ABOUT THIS EXERCISE: Restate every line of the data word for word, except for the images.

(Pictures with short captions)

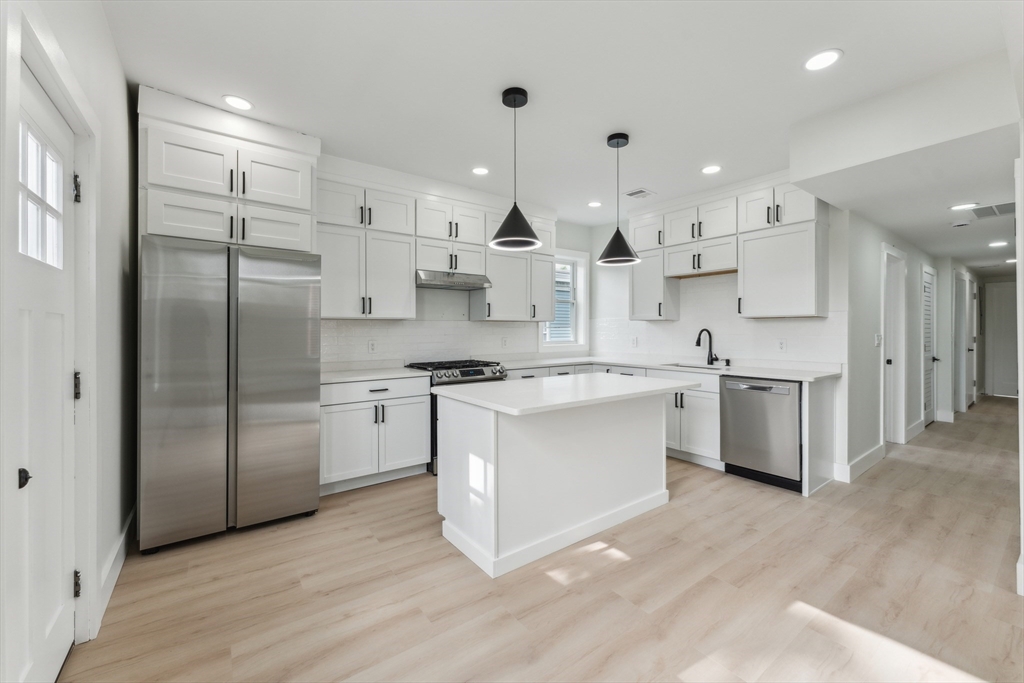 47 Brackett Street, Unit 3 Boston, MA 02135 - Photo 2 of 34 a kitchen with stainless steel appliances kitchen island a refrigerator sink and cabinets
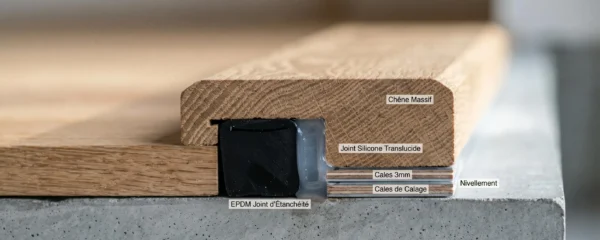 Vue en coupe d'un seuil de porte en chêne révélant les strates d'étanchéité : bande périphérique noire, joint silicone et calage précis, éclairage rasant soulignant les textures bois et matériaux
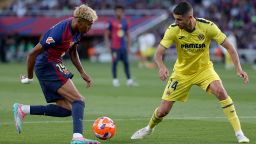 Lamine Yamal of FC Barcelona and Santi Comesana of Villarreal at the Lluis Companys Olympic Stadium on May 18, in Barcelona.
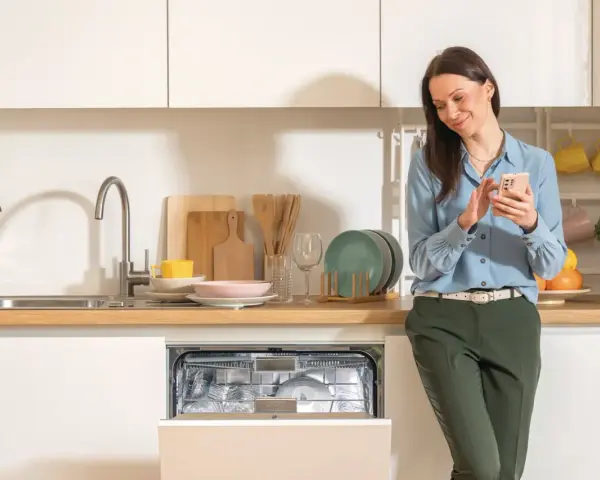 Kobieta sprawdza na telefonie, ile wody zużywa zmywarka, która jest otwarta i pełna naczyń.
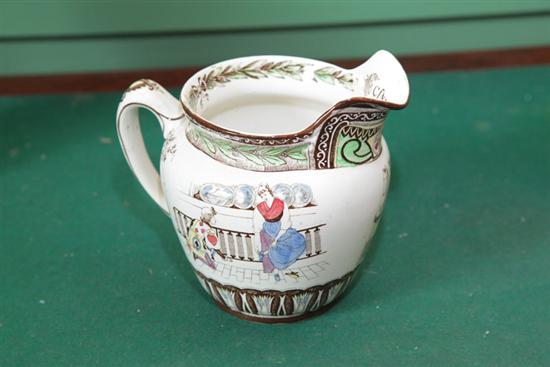 BUFFALO POTTERY PITCHER. Polychrome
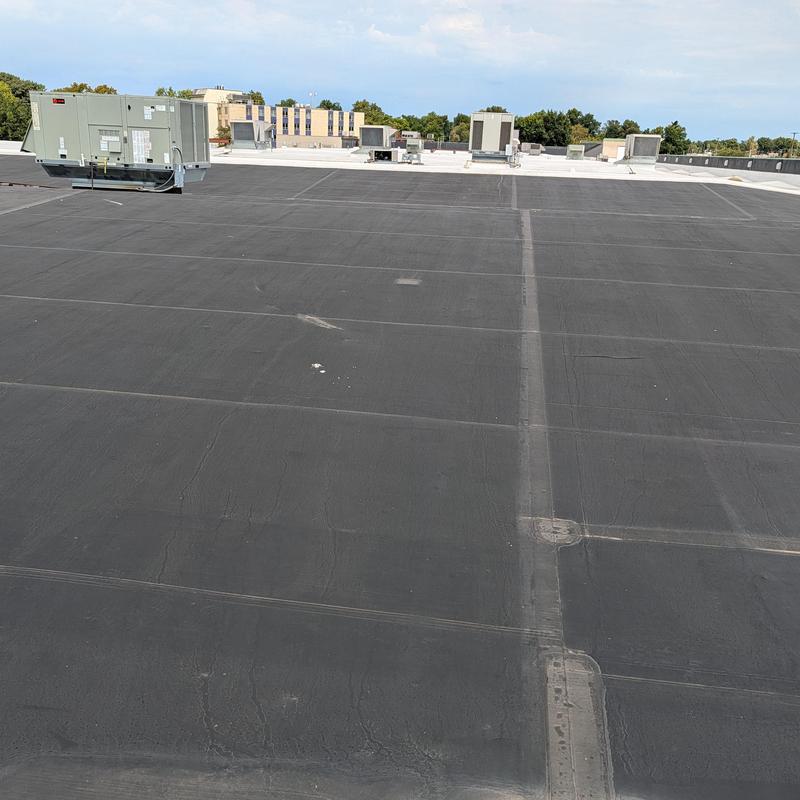 EPDM rubber roof restoration on commercial building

WRITTEN SOLUTION:
 47 Brackett Street, Unit 3 Boston, MA 02135 - Photo 2 of 34 a kitchen with stainless steel appliances kitchen island a refrigerator sink and cabinets
 Vue en coupe d'un seuil de porte en chêne révélant les strates d'étanchéité : bande périphérique noire, joint silicone et calage précis, éclairage rasant soulignant les textures bois et matériaux
 Lamine Yamal of FC Barcelona and Santi Comesana of Villarreal at the Lluis Companys Olympic Stadium on May 18, in Barcelona.
 Kobieta sprawdza na telefonie, ile wody zużywa zmywarka, która jest otwarta i pełna naczyń.
 BUFFALO POTTERY PITCHER. Polychrome
 EPDM rubber roof restoration on commercial building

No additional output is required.